PRES is characterised by headache, confusion, seizures and visual loss. It is thought to occur due to vasogenic oedema due to disruption of the bloodflow to the blood-brain barrier leading to white-matter changes and has a number of aetiologies. ⁶ PRES is diagnosed on the basis of clinical as well as neuroradiological findings. In patients with PRES and normal blood pressure, including hypercalcaemia,^1,9 the mechanism is thought to be cytotoxicity. Immune system (T-cell) activation leads to endothelial cell activation, resulting in vascular instability. This results in vasoconstriction and downstream hypoperfusion with subsequent blood-brain barrier dysfunction and vasogenic cerebral oedema. ⁶

Disseminated histoplasmosis rarely causes hypercalcaemia, ¹⁰ the cause of which is believed to be similar to other granulomatous diseases where hypercalcaemia is caused by an extrarenal overproduction of calcitriol. ⁷ Hypercalcaemia in these cases is treated with steroids. ⁸ This patient had a raised parathyroid hormone as a result of renal failure^11,12; unfortunately, vitamin D levels were not performed. However, the rapid response of the calcium level to steroids on two occasions suggests the aetiology is unlikely to be primary hyperparathyroidism. ¹³ Subsequent calcium levels post-discharge have been normal.

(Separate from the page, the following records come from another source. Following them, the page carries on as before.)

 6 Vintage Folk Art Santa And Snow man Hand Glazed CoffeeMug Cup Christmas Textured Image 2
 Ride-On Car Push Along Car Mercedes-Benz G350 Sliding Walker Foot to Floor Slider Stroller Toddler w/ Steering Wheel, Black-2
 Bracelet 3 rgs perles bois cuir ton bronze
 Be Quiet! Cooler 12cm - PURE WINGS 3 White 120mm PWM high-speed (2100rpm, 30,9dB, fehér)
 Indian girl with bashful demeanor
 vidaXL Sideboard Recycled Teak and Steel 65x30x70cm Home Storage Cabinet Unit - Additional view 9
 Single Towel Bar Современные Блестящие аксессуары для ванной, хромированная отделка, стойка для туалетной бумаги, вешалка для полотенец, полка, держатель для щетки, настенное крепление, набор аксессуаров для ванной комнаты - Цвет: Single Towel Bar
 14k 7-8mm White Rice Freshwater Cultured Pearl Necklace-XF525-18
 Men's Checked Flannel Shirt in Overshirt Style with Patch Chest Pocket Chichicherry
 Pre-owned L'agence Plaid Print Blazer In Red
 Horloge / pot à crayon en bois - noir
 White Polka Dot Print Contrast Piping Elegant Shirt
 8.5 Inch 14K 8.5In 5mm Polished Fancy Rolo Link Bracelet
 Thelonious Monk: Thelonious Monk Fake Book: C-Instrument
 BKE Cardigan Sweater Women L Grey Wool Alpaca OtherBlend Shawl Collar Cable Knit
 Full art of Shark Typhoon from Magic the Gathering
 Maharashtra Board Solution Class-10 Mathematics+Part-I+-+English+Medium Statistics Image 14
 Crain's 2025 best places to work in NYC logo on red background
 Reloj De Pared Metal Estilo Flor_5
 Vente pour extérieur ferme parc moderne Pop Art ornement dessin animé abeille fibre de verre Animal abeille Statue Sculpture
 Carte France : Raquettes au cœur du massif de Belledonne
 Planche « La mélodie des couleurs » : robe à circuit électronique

Disseminated histoplasmosis is a rare diagnosis in HIV-infected individuals in Europe. Hypercalcaemia is a rare complication. PRES is a clinicoradiological diagnosis of a reversible cause of white matter change with multiple aetiologies.

In this patient, a single cause for the first episode of PRES is difficult to determine as the patient was hypertensive with hypercalcaemia and renal failure. However, at the time of the second seizure episode, the patient was normotensive with normal renal function making hypercalcaemia more likely.

The cause of PRES is often multifactorial. ⁶ Although uncommon in patients with HIV infection, it should be considered as a differential in immunosuppressed patients who develop neurological signs.

The patient remains well after one year of follow-up.